### Data block:
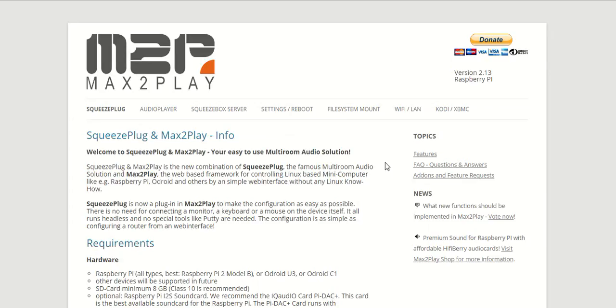Welcome to another Max2Play tutorial. Today we will explore the extension Raspberry settings and the possibilities of Max2Play using sound cards.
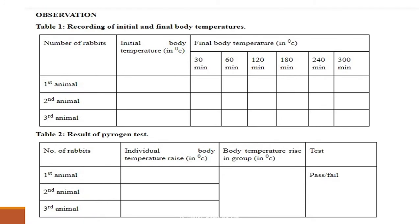This is the observation table — Table 1 — for recording initial and final body temperature. Column 1 lists the number of rabbits: first, second, third. Column 2 records the initial body temperature, and the subsequent columns record the final body temperature at half-hourly intervals.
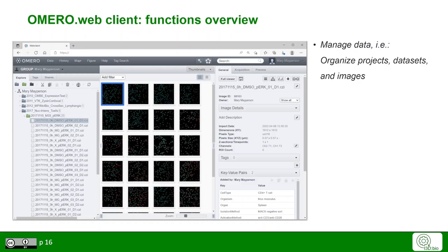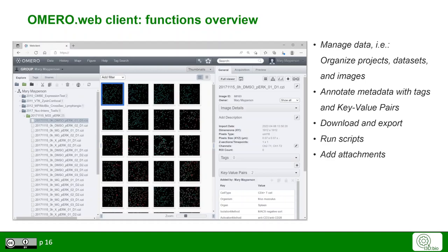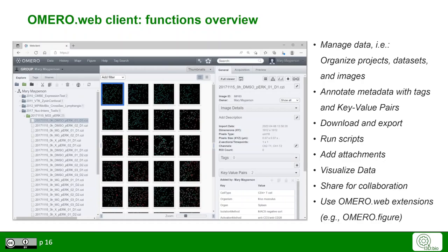Use the OmeroWeb client to manage your data. That means to organize your projects, datasets and images therein, to annotate the metadata with tags and key value pairs, to download and export images, to run scripts on the server, and to add attachments. Here you can also visualize your data and share your data for collaboration. Depending on your installation, you can make use of the various OmeroWeb extensions.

### Brief:
Return the data exactly as it stands, minus the pictures.

### Result of this task:
Welcome to another Max2Play tutorial. Today we will explore the extension Raspberry settings and the possibilities of Max2Play using sound cards.
This is the observation table — Table 1 — for recording initial and final body temperature. Column 1 lists the number of rabbits: first, second, third. Column 2 records the initial body temperature, and the subsequent columns record the final body temperature at half-hourly intervals.
Use the OmeroWeb client to manage your data. That means to organize your projects, datasets and images therein, to annotate the metadata with tags and key value pairs, to download and export images, to run scripts on the server, and to add attachments. Here you can also visualize your data and share your data for collaboration. Depending on your installation, you can make use of the various OmeroWeb extensions.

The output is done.